"But you do. Well, mamma saw me retrieving the family fortune in some romantic and bohemian manner. I was to create something, a book, or be a decorator for the smart, a reader of East Indian poems. She had splendid ideas, but the fact is, I've found, you have to have a hint of something inside to do anything successfully outside. I hadn't it.

"I descended to a social secretary and chaperoning that horrid woman's nasty little white pups, and from that mamma has consented to my marrying Dicky. He only has ten thousand a year, and I'm going to marry him on that! I love him terribly! Isn't it splendidly romantic?"

"Um," grunted Stuyvesant. "Annette," he said, "I want you to let me provide for your mother. You will? ... No, don't thank me. It irritates me. Oh, please!" After his last plea she stopped her effusive thanks and pressed his arm. Suddenly she laughed.

"What are you laughing at?" asked Stuyvesant.

"Cecilia advocated pink for the poor," Annette explained, "and I never understood how they felt until my terrible employer asked me not to wear frills. She said they weren't suitable for my position! It's all so relative, isn't it? Cecilia saw the panorama. I saw only my corner."

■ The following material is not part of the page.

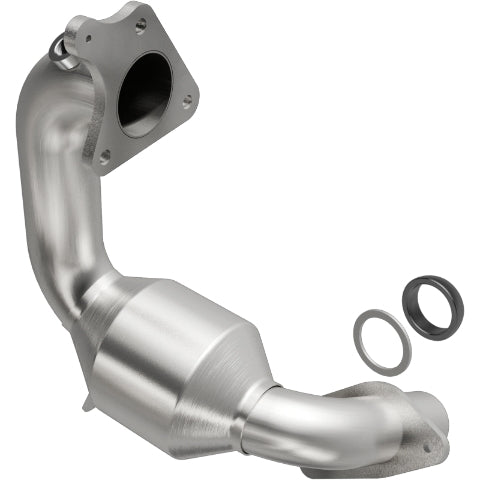 MagnaFlow direct-fit catalytic converter fits 2011-2015 Juke L4 1.6 1.6 inch inlet/outlet stainless steel CARB compliant 52438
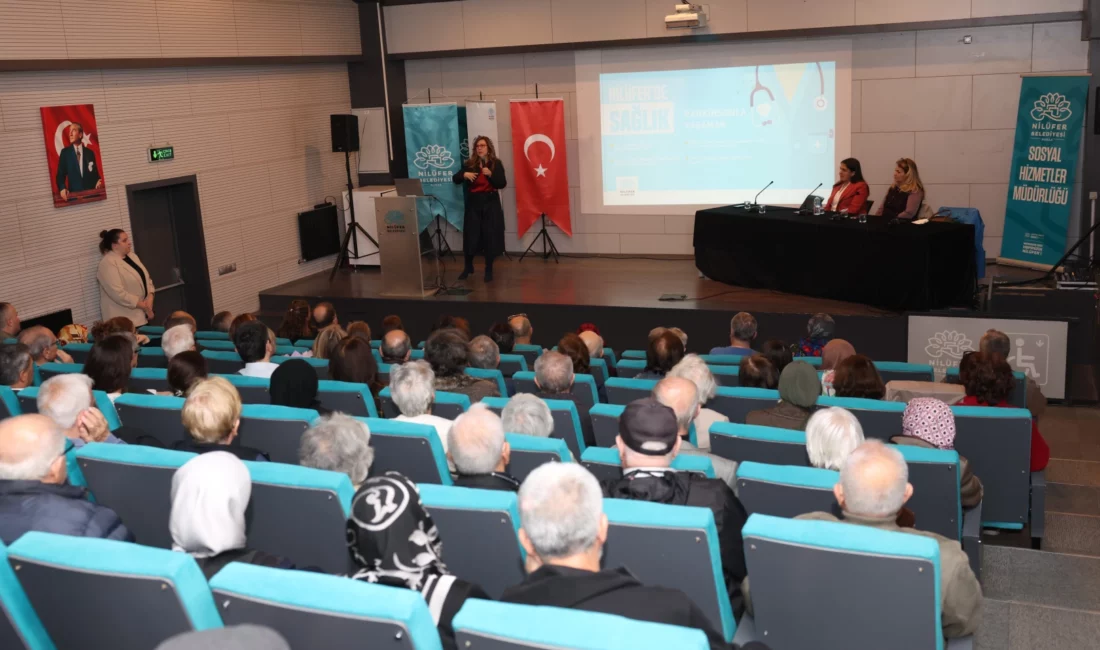 Bursa Nilüfer Belediyesi’nin ‘Dünya Parkinson Günü’ nedeniyle düzenlediği seminerde konuşan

Annette slipped from the wall. "Must go," she said. "Dicky's coming out at eight. You want me to be happy?"

"Of course," said Stuyvesant. Annette's face changed. "Stuyv," she said, "it's everything when you find the one who fits your heart and mind.... Ask her. Please, Stuyv. I can't believe she doesn't care."

"You're awfully good," he answered huskily. "Lord, Annette! If you were right——!"

Annette stepped near him. For the first time since the nursery days she kissed him. "Stay here," she ordered, "and think it out. Bye!" With a wave she left. At the first turn in the road she looked back. Her cousin was still sitting on the wall, and he was staring intently at the cigarette between his fingers. Annette had seen that it had gone out before she started.

"Poor boy!" she said. "Poor boy!" and then she thought of Dicky, who had turned her hard little heart softer to all the world. She forgot the "poor boy" who sat alone on the wall. She forgot money and things, the two which had mattered most to her, and once had been her life. With a new look on her face, she dreamed of a future—a future at which she once would have laughed.